Room: Track 3
Purpose: Proton acoustic can allow for proton range verification with submillimeter accuracy in a homogeneous medium. However, it requires to deliver a large number of pulses (e.g. 512 proton pulses, which corresponds to 24.2 Gy) and a long beam delivery time (~10 minutes) to a single spot. In this study, we propose to develop a deep-learning-based signal denoising algorithm for the proton-acoustic signals using stacked auto-encoder (SAE).

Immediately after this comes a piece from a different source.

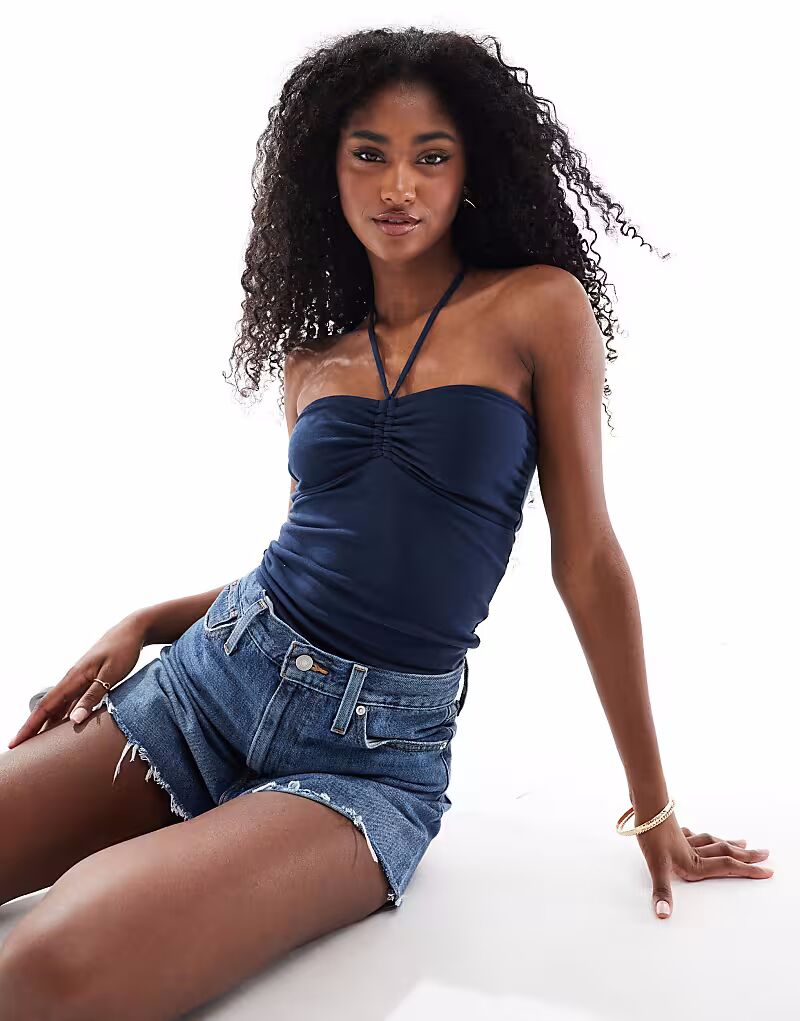 Топ-труба Hollister с завязками спереди и халтер-воротником темно-синего цвета
Топ-труба Hollister с завязками спереди и халтер-воротником темно-синего цвета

Methods: For acoustic data acquisition, an accelerometer array was used on the distal surface of a cylindrical polyethylene phantom (diameter=20.88 cm, length=33.58 cm). The proton energy was 226 MeV, and the beam was attenuated by 2 cm solid water before entering the PE phantom. Sequentially, we classified the measured signals for the 400 datasets as training and 112 datasets as testing from a total of 512 raw signals. Among the datasets, we tested a various number of ground-truth from 114 to 256, and the number of averaged signals from 1 to 16. The SAE was established by stacking a series of the auto-encoder and decoder layers, and the output of the bottom layer is the input of the second layer. Both mean squared error (MSE) and signal-to-noise ratio (SNR) was used for comparison between pre-training and after-training results.
Results: Overall, the average MSE is significantly improved from 0.02405 to 0.00068, and the SNR is also enhanced from 10.89 dB to 36.84 dB with the proposed method. Even within the noisiest signal (i.e. 144 ground-truth datasets averaged over 16 signals), the proposed method shows robust enhancement with the MSE from 0.04693 to 0.00068 and the SNR from 7.25 dB to 36.85 dB.
Conclusion: We have developed a noise reduction method for proton-acoustic signals using a SAE technique. With this method, we can reduce both the delivered dose and delivery time for proton range verification.